Здесь могли бы мы окончить наши замечания. Но внимание наше должно обратиться еще к одному предмету: к предисловию, которое находится во главе "Сочинений" г-на Катенина. Его писал некто г. Бахтин, вовсе неизвестный в литературе. Но, прочитав это предисловие, всякий увидит, что г. Бахтин есть горячий защитник г-на Катенина. Он издал ныне его "Сочинения" и в предисловии своем находит у г-на Катенина: оригинальность, богатство вымысла, разнообразие и проч., и проч. Мы, напротив, видим совсем не то, и для пояснения мысли нашей скажем еще следующее.
Оригинальность состоит не в том только, чтобы писать иное или иначе, нежели другие. Это особенный дар, который не нуждается ни в нововведениях, ни в новых мирах, ни в новых словах. Оригинальность заключается не в самих предметах, а во взгляде, в душе того, кто описывает их. Все предметы оригинальны, ибо все они могут производить на душу поэта или мыслителя впечатления новые. Но для писателя обыкновенного, не имеющего самобытности, все старо, все негодно, пошло, потому что он все видит по впечатлениям чужим, а не своим собственным. Первый враг его есть известная пошлость: ничто не ново под луною, тогда как в самом деле все ново, ибо каждый человек живет своею жизнию, видит все своими глазами, имеет свою душу, и для него мир должен быть нов, потому что он видит его в первый раз. Но, к несчастию, прежде нас жили люди, которые почти обо всем сказали свое мнение, и вот эти-то мнения делают мир не новым для того, кто не умеет забыть их. Они господствуют в нем, они задушают его, и ни одно впечатление не смеет, как к земле ласточка в полете своем, прикоснуться к душе его, которая есть та неистощимая призма, где все преображается, все принимает новый вид. Между тем многие из таких людей одарены беспокойным чувством, которое заставляет их искать нового среди ничтожностей окружающего их, и они думают, что найдут самобытность в странностях, в противоположности обыкновенному ходу дел, мыслей и слов. Эти люди почти всегда презирают обыкновенное, почитают себя призванными создать что-то великое и, повинуясь упомянутому беспокойному чувству, творят одни странности. Это пигмеи, одаренные смелою душою; но какой геркулесовский подвиг могут свершить они со своим крошечным, бессильным телом? В нравственном мире эти люди называются оригиналами.

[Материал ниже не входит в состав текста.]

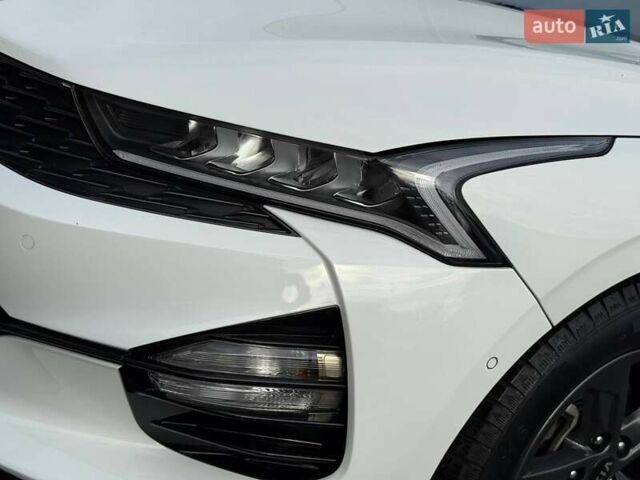 Білий Кіа K5, об'ємом двигуна 2 л та пробігом 167 тис. км за 19999 $, фото 10 на Automoto.ua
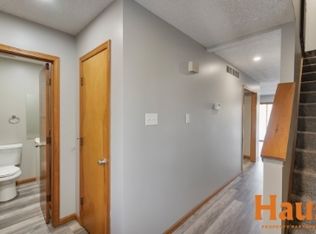 4816 SW 36th Ter #1, Topeka, KS 66614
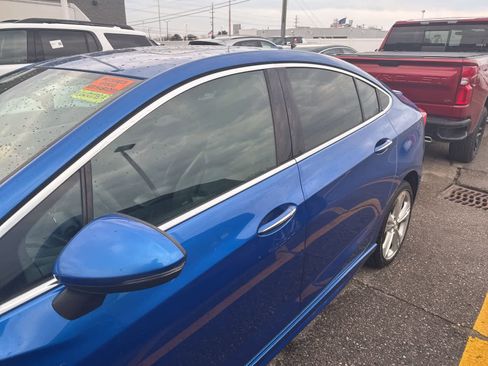 Used 2017 Chevrolet Cruze Premier w/ RS Package image 12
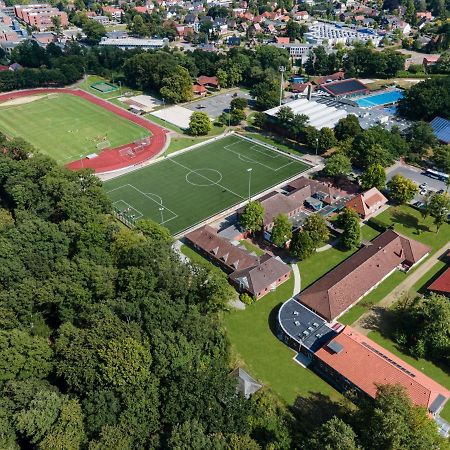 Hoessensportzentrum 韦斯特施泰德 外观 照片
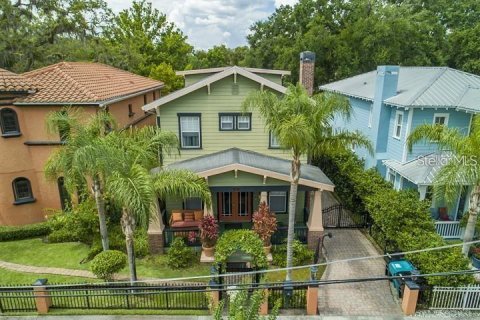 House in Orlando, Florida 5 bedrooms, 392.98 sq.m. № 2143854 - photo 11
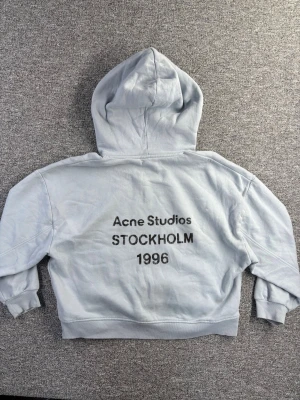 Snygg Stockholm hoodie - Säljer denna riktigt snygga hoodien | storlek M oversized fit | skick 10/10 | saknar lapparna därav priset | passar till alla outfits | kolla gärna in profilen för liknande produkter och skriv vid minsta lilla fråga 🥂🥂
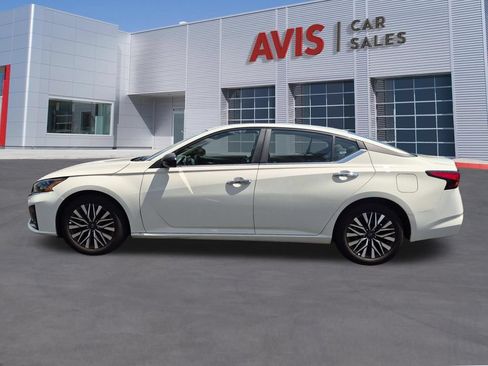 Used 2025 Nissan Altima 2.5 SV FWD image 10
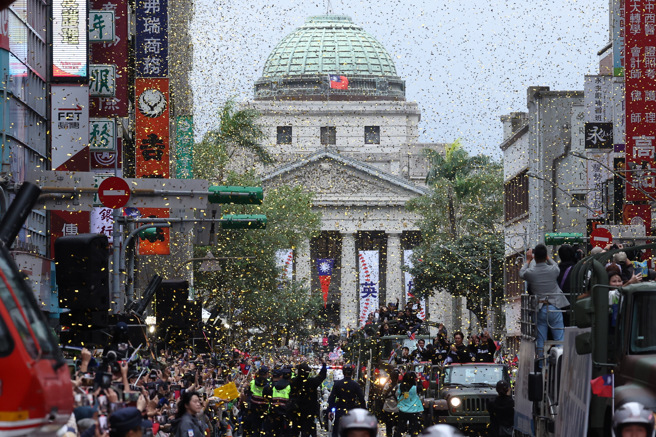 世界12强棒球锦标赛中华队勇夺冠军，下午在台北市街头进行英雄大游行，球迷挤爆游行路线街头，而本报也收集拍下个球员的精彩画面。（邓博仁摄）
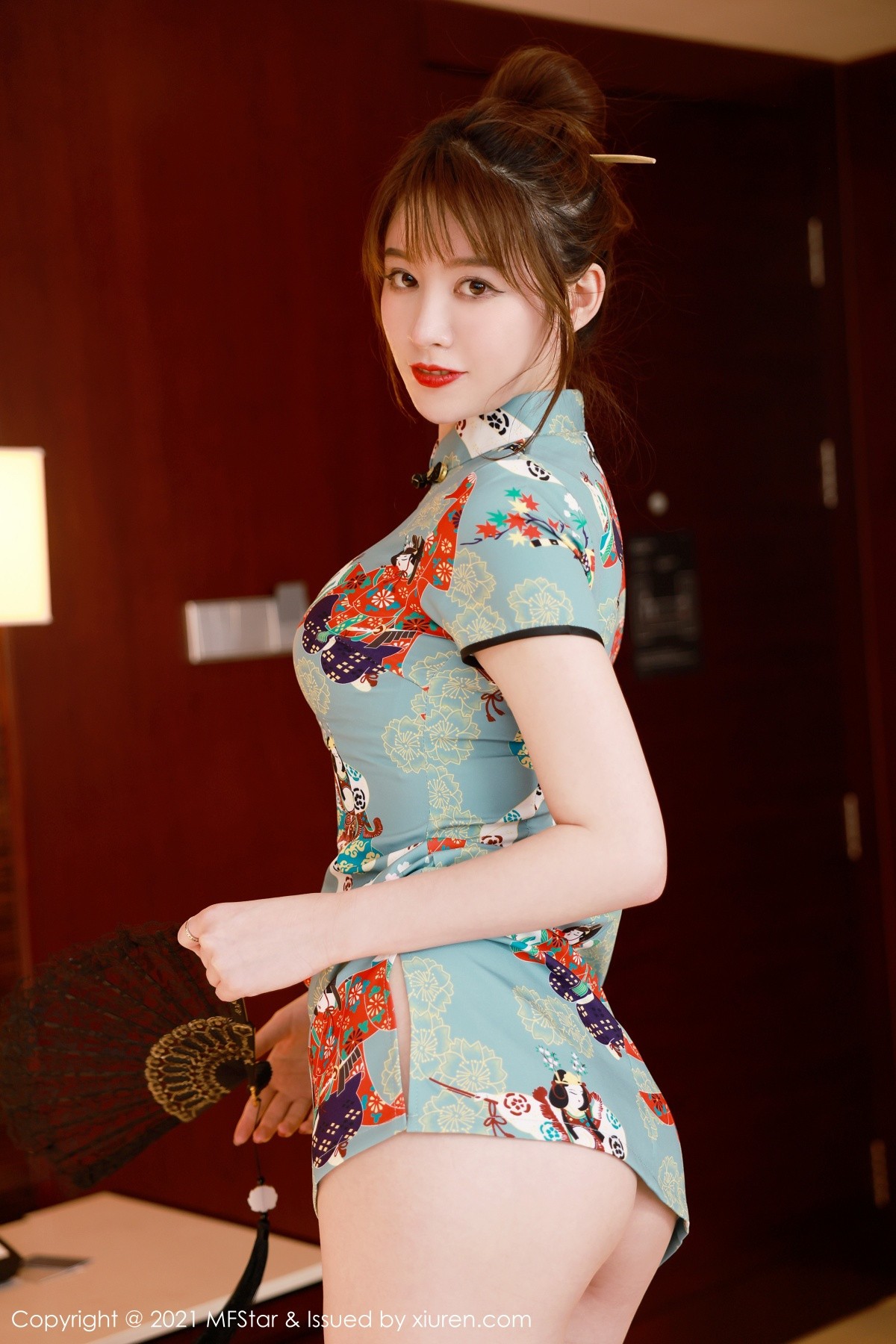 jpxgmn.cc[MFStar模范学院]Vol.471_嫩模yoo优优三亚旅拍私房古韵旗袍配肉丝裤袜极致魅惑写真64P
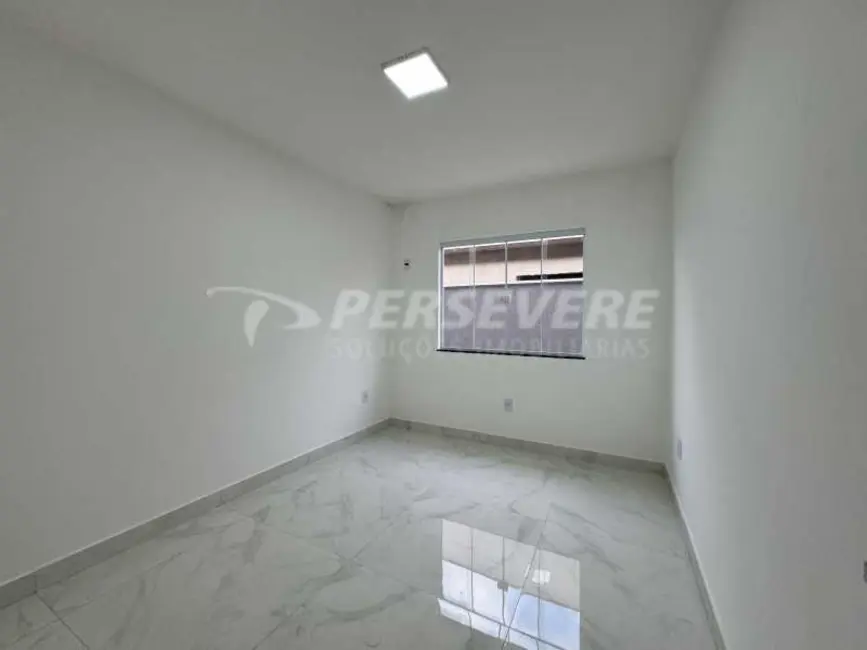 Foto 9 de Casa com 3 quartos à venda, 195m2 em Marica - RJ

Если издатель "Сочинений" г-на Катенина видит в нем оригинальность этого рода, то мы почти готовы согласиться с ним. Но если он разумеет оригинальность Державиных, Хемницеров, Крыловых, то мы отнюдь не согласны с его мнением. Желать быть чем-нибудь и быть действительно -- большая разница. Слепушкин, Алипанов и многие другие из русских мужичков хотят быть поэтами; их и хвалят за это, и хвалят справедливо; но поэты ли они? Г-н Катенин хочет быть оригинален; но действительно ли он оригинален? Честь и хвала ему, что он искал оригинальности прежде многих других. Но издатель его "Сочинений" смешал намерение с исполнением -- только!

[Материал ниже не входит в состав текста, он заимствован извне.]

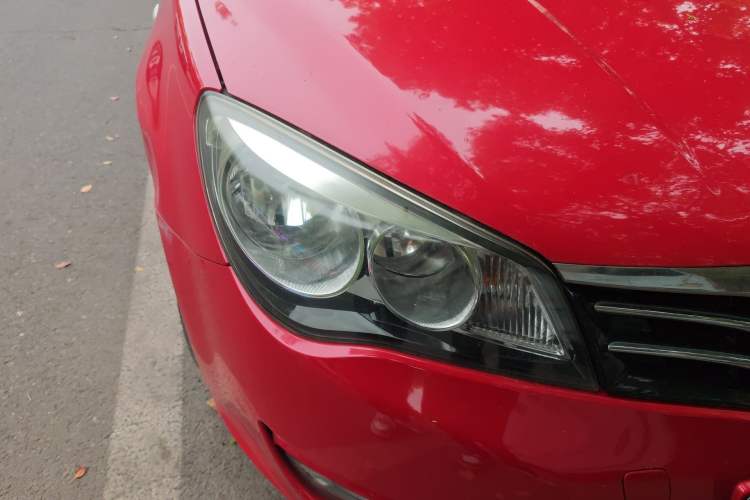 Used Roewe 350 2012 1.5L Automatic Smart Value Edition Right Front Headlight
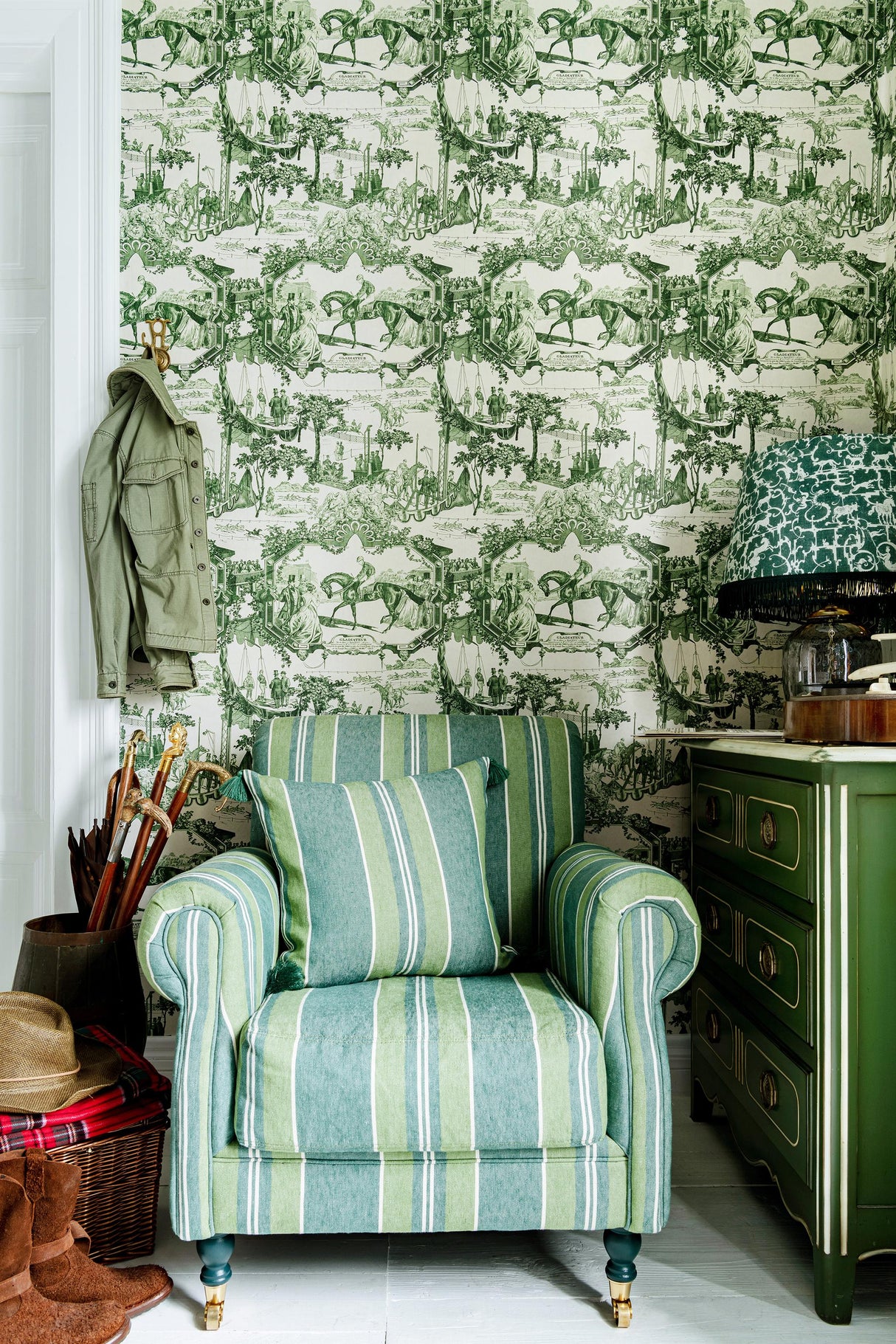 MindTheGap GRAND PRIX Green The Derby Wallpaper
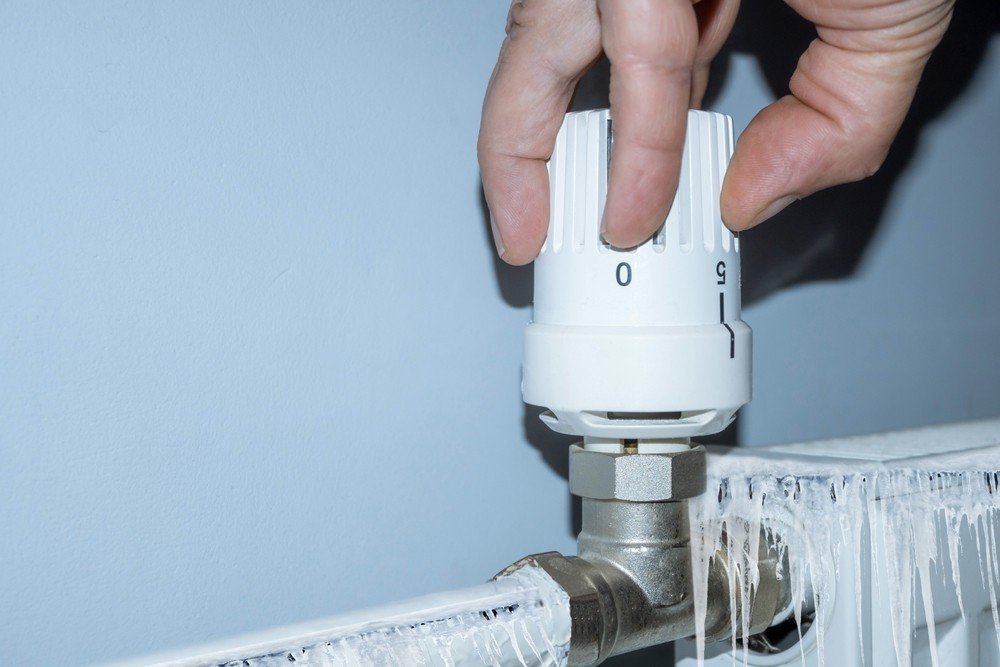 отогреть водопровод в частном доме. замерз водопровод. разморозка пластиковой трубы. замерзло отопление дома что делать. холод в квартире.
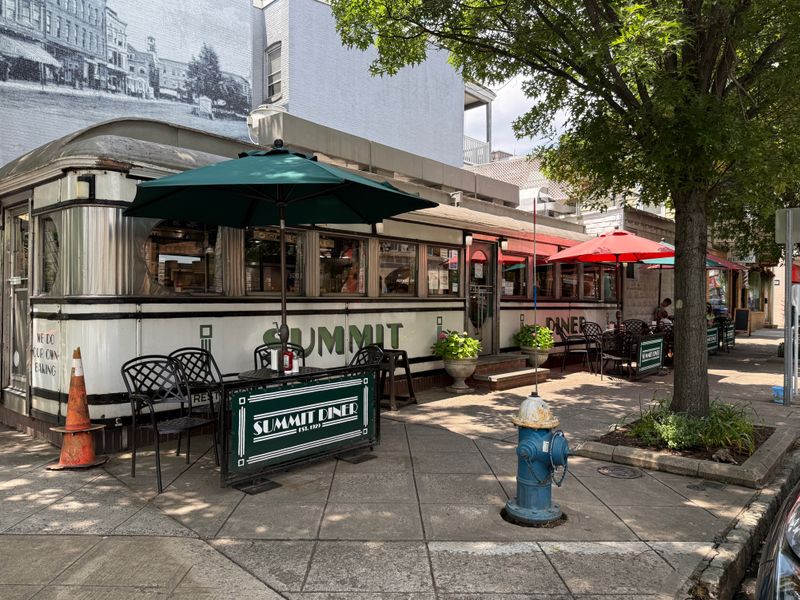 An Authentic 1938 O'Mahony Dining Car That Transports You Back In Time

Да, г. Катенин стремился быть оригинальным писателем и хотел познакомить нас с оригинальными авторами иностранных литератур; но у него недостало сил для такого подвига. Общего, темного, несообразного с силами желания мало для художника. Надобно чтобы каждая мысль, во всех подробностях своих, была для него ясна и выражаема им в формах изящных. Только тогда внимание его, устремленное на какой бы то ни было предмет, будет источником прекрасного. Но без этой особенной поэтической силы нечего и думать о разнообразии, о богатстве вымыслов. Берите какие угодно предметы, разработывайте какую угодно литературу, вы не произведете ничего, если в вас нет души художнической.

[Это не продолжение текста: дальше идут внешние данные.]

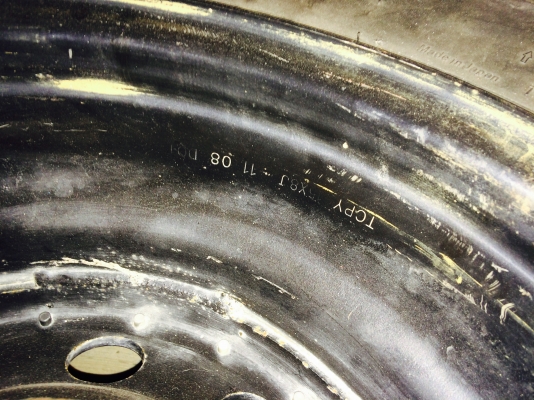 ขายล้อกระทะTCPY 15x8 มี4วงพร้อมยาง35แต่ยางมี3เส้นขายตามสภาพ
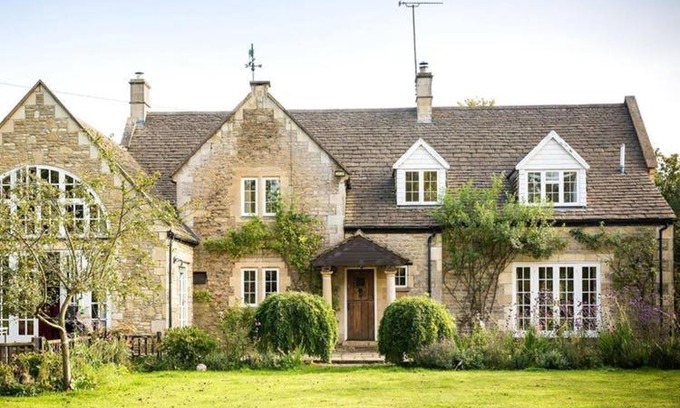 Bradford-on-Avon Bed & Breakfast | Cherry Orchard Farm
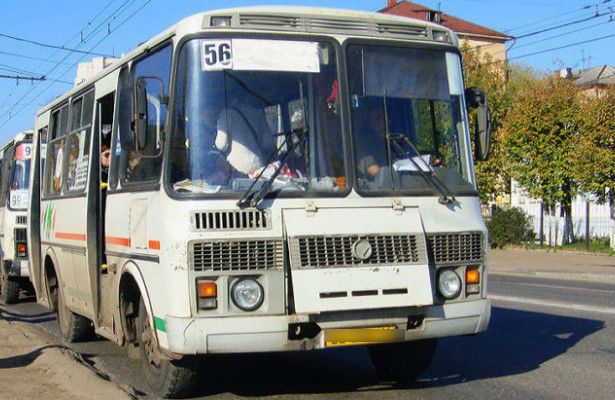 Водитель автобуса в Костроме нахамил пассажирке за разговор по телефону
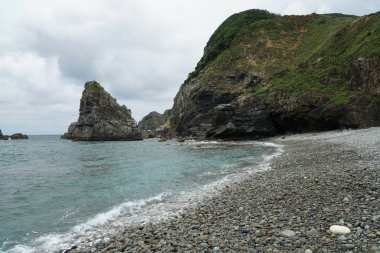 Amami Oshima, Japonya - 18 Haziran 2019: Amami Oshima'daki Honohoshi plajı, sahildeki taş çıngırağıyla ünlüdür.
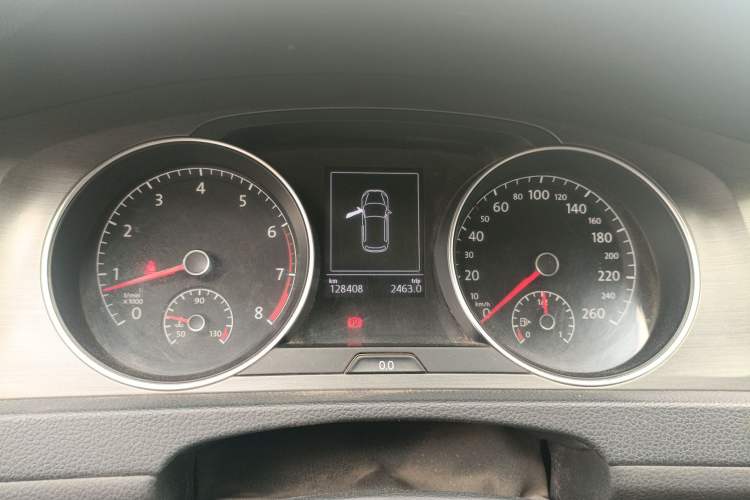 Used Volkswagen Golf 2014 1.4 TSI Manual Comfort Model Instrument Cluster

Р. S. В конце "Сочинений" г-на Катенина напечатаны два стихотворения князя Н. Голицына. Это перевод двух од Ж. Б. Руссо. В них более силы и мастерской отделки, чем во многих стихотворениях г-на Катенина.
Еще одно замечание. Рассматриваемая нами книга напечатана с такими непростительными, варварскими ошибками против правописания, что это не делает чести ни типографии, в которой она печаталась, ни корректору, который смотрел за печатанием ее.